## COLLECTED DATA:
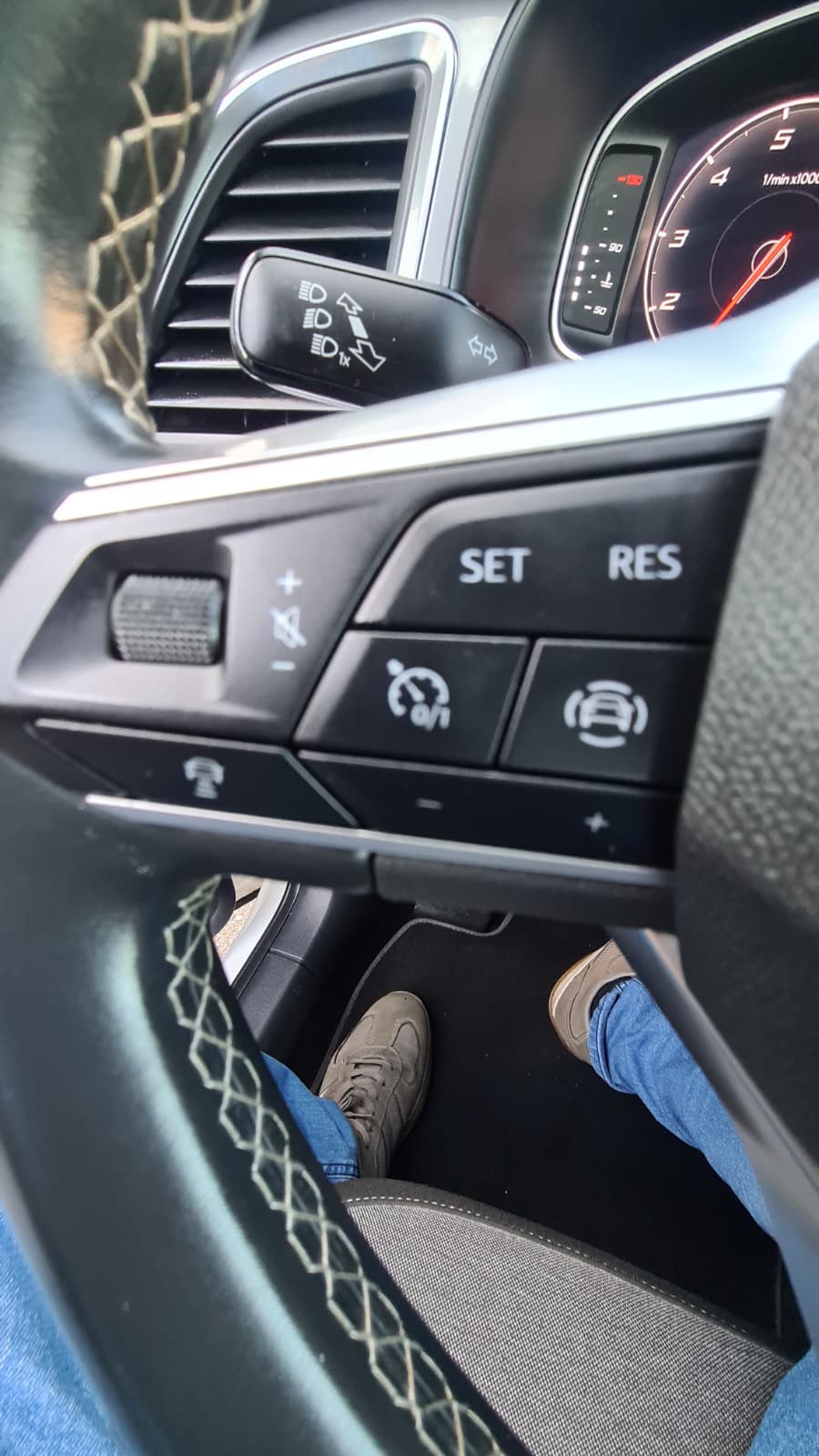 SEAT Ateca 1.5 TSI EVO DSG Style ** Gr-Navi RF-Kamera ** Sitzheizung ** PDC V+H ** Frisch Ab MFK & Service **-image-10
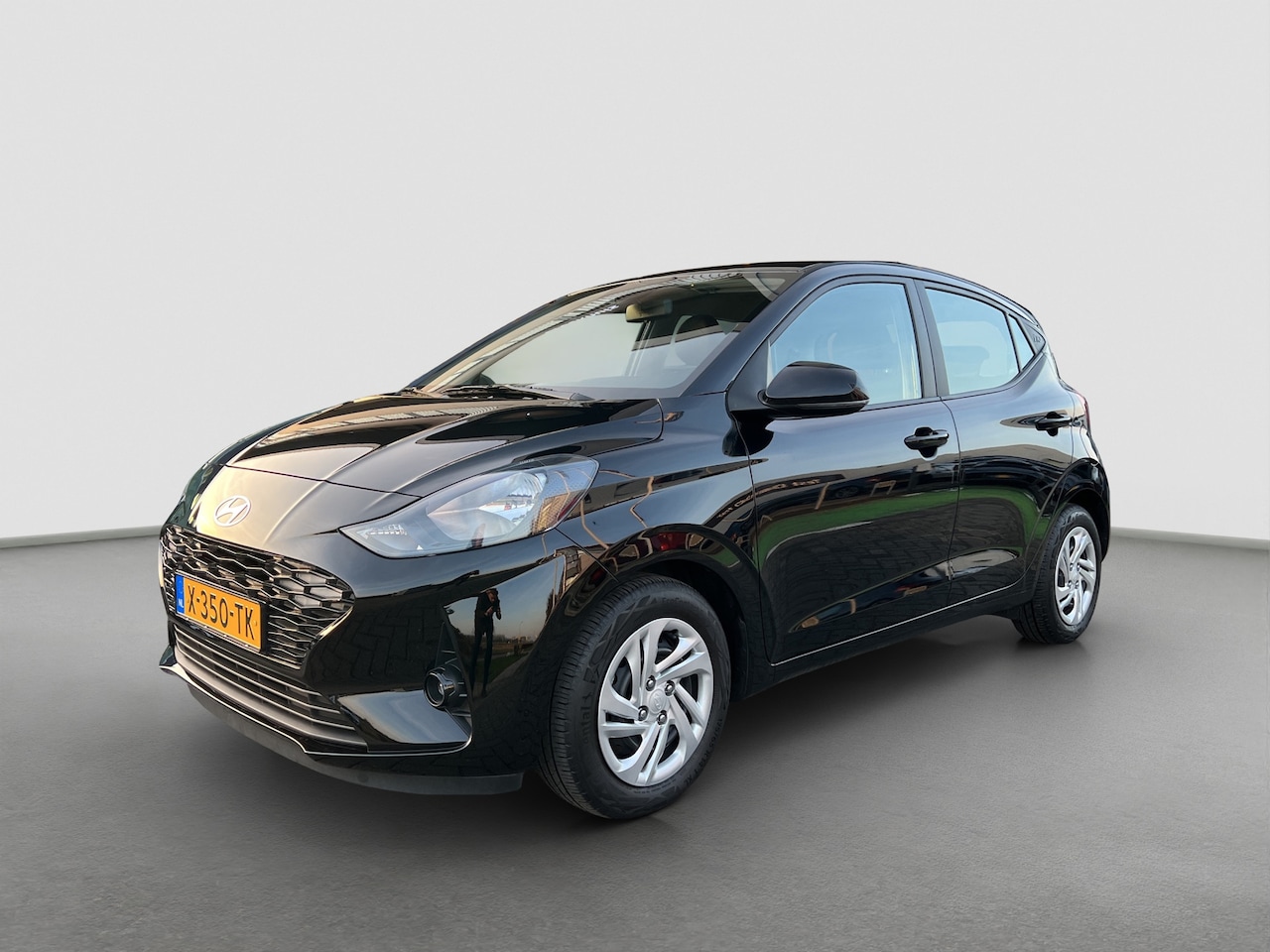 Hyundai i10 - 1.0 66pk Comfort Smart | LED | Airco | Carplay | Camera | Navigatie | Bluetooth | Cruiseco - AutoWereld.nl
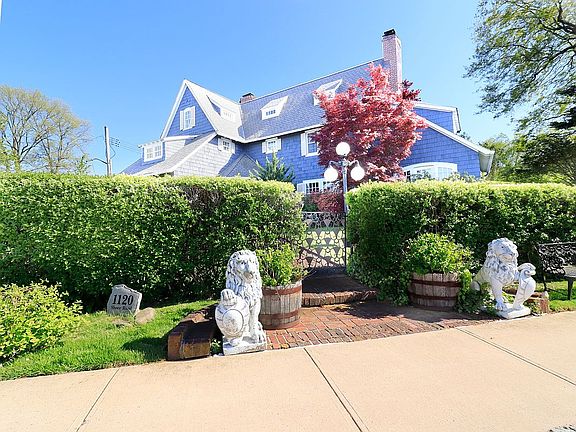 3rd image of 11-20 Shore Rd #1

## REQUIREMENT:
For this exercise, write the listing out again exactly, excluding all images.

## WRITTEN RESPONSE:
 SEAT Ateca 1.5 TSI EVO DSG Style ** Gr-Navi RF-Kamera ** Sitzheizung ** PDC V+H ** Frisch Ab MFK & Service **-image-10
 Hyundai i10 - 1.0 66pk Comfort Smart | LED | Airco | Carplay | Camera | Navigatie | Bluetooth | Cruiseco - AutoWereld.nl
 3rd image of 11-20 Shore Rd #1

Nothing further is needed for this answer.